Jalan yang lurus adalah jalannya kaum muwahhidin, bukan jalannya kaum musyrikin. Inilah titik perbedaan dan jurang pemisah yang akan selalu menghalangi persatuan antara hizbullah dengan hizbu syaithan. “Ingatlah sesungguhnya hizbullah itu sajalah kelompok yang akan beruntung.” Inilah sekat pembatas yang akan selalu mencerai beraikan antara wali Allah dengan wali syaithan. “Ingatlah, sesungguhnya para wali Allah itu tidak perlu merasa takut dan tidak merasa sedih, yaitu orang-orang yang beriman dan selalu menjaga ketakwaan mereka.”
Tidak bisa tidak, sunnatullah yang berlaku di muka bumi ini menuntut kebenaran harus senantiasa menyempal dari barisan dan teriakan ahlul bathil. Di tengah gelapnya awan fitnah yang meliputi atmosfer kejiwaan umat, para ulama hadir memberikan pencerahan dengan cahaya Kitabullah dan panduan dari sinar Sunnah Nabi shallallahu ‘alaihi wa sallam. “Kemudian apabila kalian berselisih tentang suatu perkara maka kembalikanlah kepada Allah dan Rasul-Nya.” “Maka bertanyalah kepada ahli ilmu apabila kalian tidak mengetahui.” “Sesungguhnya yang benar-benar merasa takut kepada Allah di antara hamba-hamba-Nya hanyalah orang-orang yang berilmu.”

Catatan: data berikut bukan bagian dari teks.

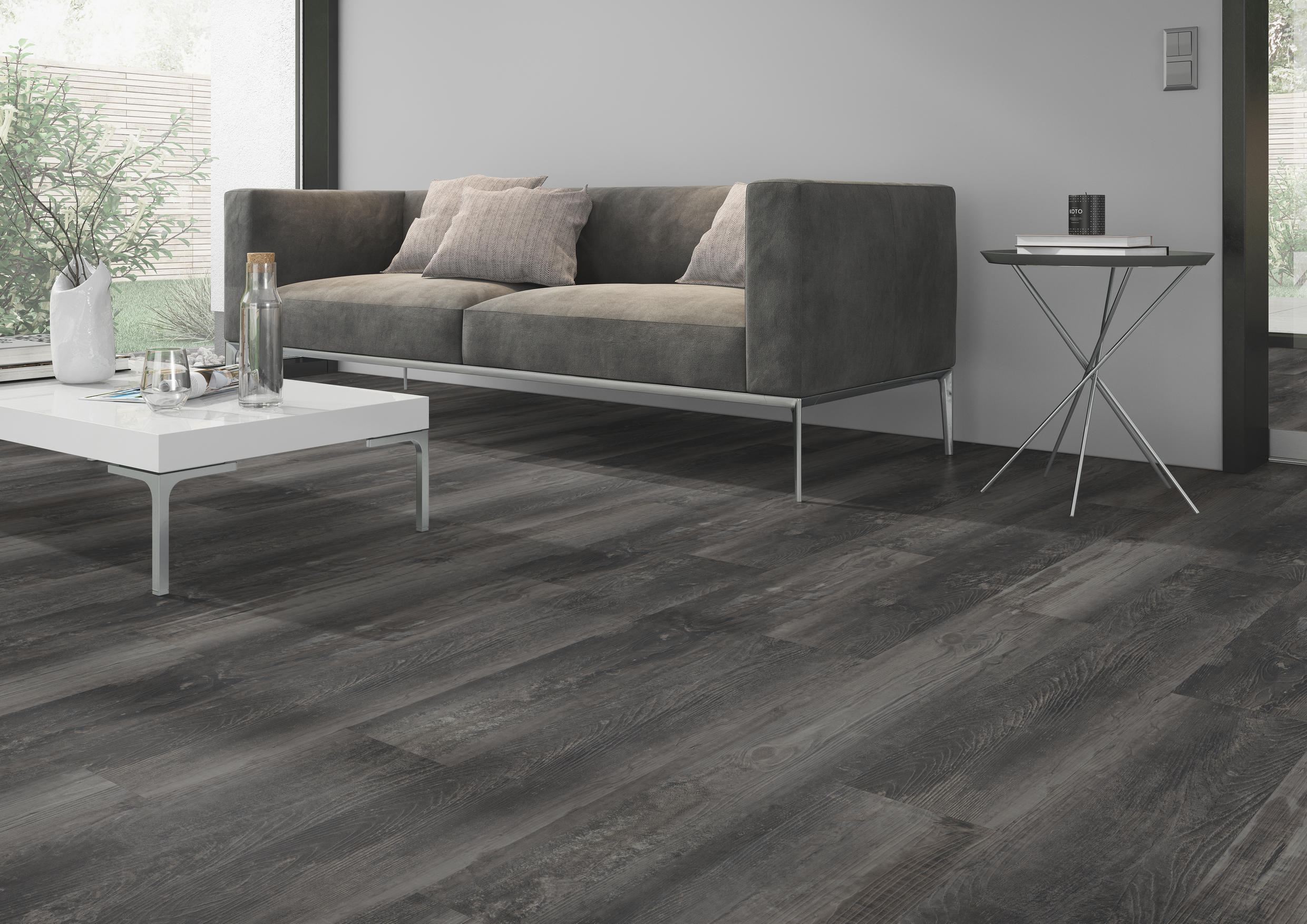 TWG Vinylboden Titan One 055 Rigid - Click Smoked Pine Black – Bild 4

Saudaraku, kita hidup di masa yang penuh dengan kerancuan pemahaman dan sedikitnya teman di jalan kebenaran. Kita hidup di jaman penuh keasingan, di mana seorang muwahhid telah menemukan duri-duri tajam yang merintangi perjalanan dakwahnya. Saat di mana seorang pemegang bendera Sunnah telah menjumpai batu-batu karang yang menghalangi aliran segar Sunnah Nabi shallallahu ‘alaihi wa sallam. “Islam datang dalam keadaan asing, dan dia pun akan kembali dalam keadaan asing, maka beruntunglah orang-orang yang asing itu.” Allah ta’ala telah menetapkan bahwa keberuntungan hanya bagi mereka yang kuat di tengah gempuran fitnah dengan tetap memegang ilmu, beramal, dakwah dan sabar di atasnya. “Demi masa, sesungguhnya setiap orang benar-benar mengalami kerugian, selain orang-orang yang beriman, beramal salih, saling menasihati dalam kebenaran dan saling menasihati dalam kesabaran.”

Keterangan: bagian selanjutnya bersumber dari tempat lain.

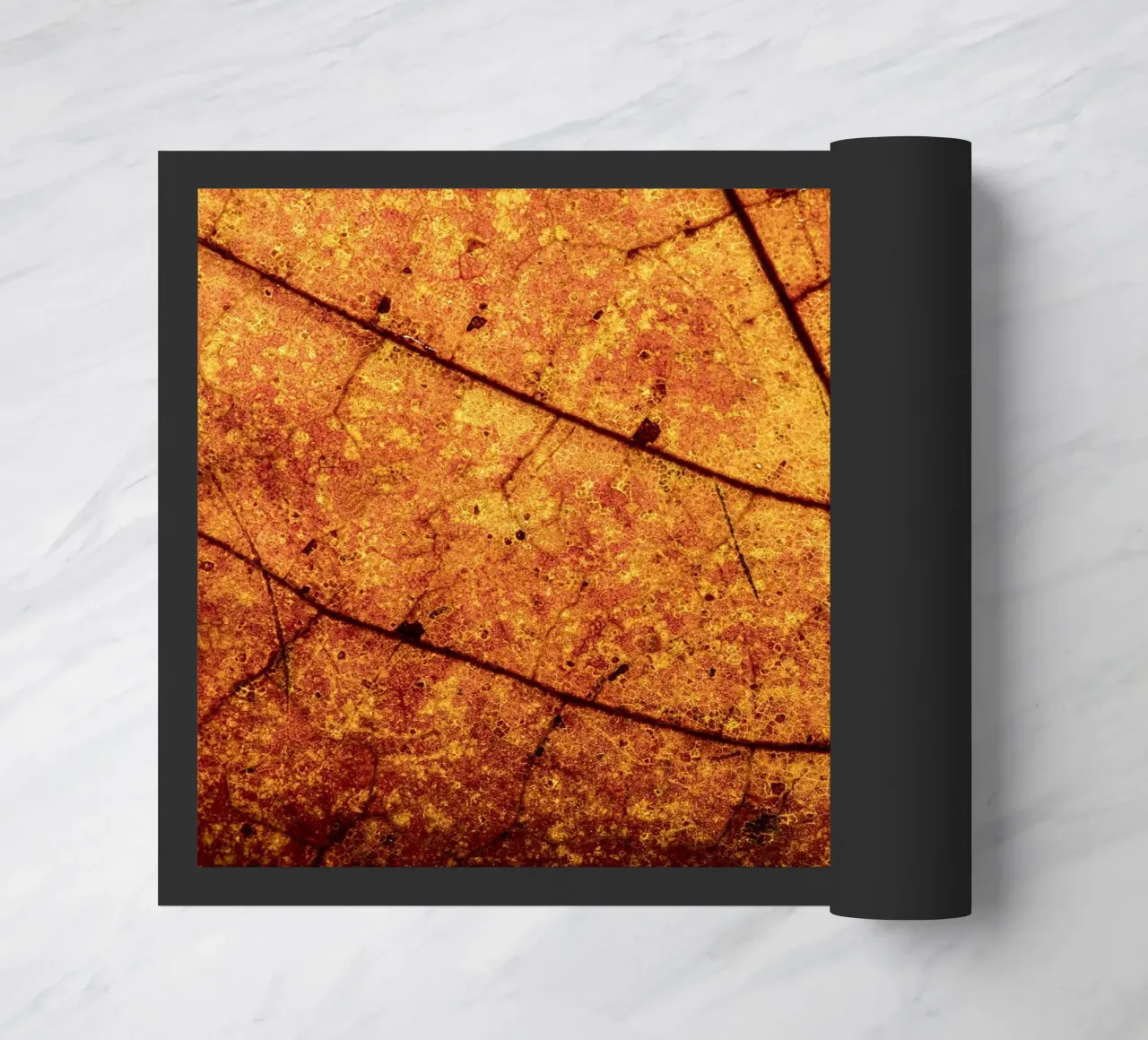 Herbstblatt in Nahaufnahme mit Adermuster zerbino da Bilderwelt - Kunst für die Wand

Saudaraku, ingatlah bahwa hidup kita di alam dunia ini untuk tunduk beribadah kepada-Nya, bukan untuk memperturutkan hawa nafsu dan memuja akal pikiran kita. “Dan tidaklah Aku ciptakan jin dan manusia melainkan supaya mereka beribadah kepada-Ku.” Inilah cita-cita dan target dakwah kita kepada segenap lapisan masyarakat di berbagai penjuru kota dan pelosok desa, bukan banyaknya suara atau bendera-bendera golongan yang mencerai-beraikan kesatuan umat Islam. “Dan janganlah kalian menjadi seperti orang-orang musyrik, yaitu orang-orang yang telah memecah belah agama mereka menjadi bergolong-golongan, setiap golongan merasa bangga dengan apa yang ada pada diri mereka.” “Berpegang teguhlah dengan tali Allah secara bersama-sama, dan janganlah kalian berpecah belah.” “Dan sesungguhnya inilah jalanku yang lurus, ikutilah dia dan jangan kalian ikuti jalan-jalan yang lain itu, karena hal itu akan mencerai-beraikan kalian dari jalan-Nya.” Islam telah sempurna, tidak butuh pada koreksi dan tambahan dari akal pikiran dan hawa nafsu manusia. “Pada hari ini Aku telah sempurnakan bagi kalian agama kalian, dan telah Aku cukupkan nikmat-Ku atas kalian, dan Aku telah ridha Islam sebagai agama bagi kalian.” Maka para sahabat mewasiatkan kepada kita untuk senantiasa konsisten di atas sunnah dan menjauhi segala bentuk kebid’ahan. Mengapa? Sebab kita telah dicukupkan dengan sunnah tersebut. Barangsiapa yang tidak merasa cukup dengan Sunnah Nabi maka semoga Allah tidak memberikan kecukupan padanya.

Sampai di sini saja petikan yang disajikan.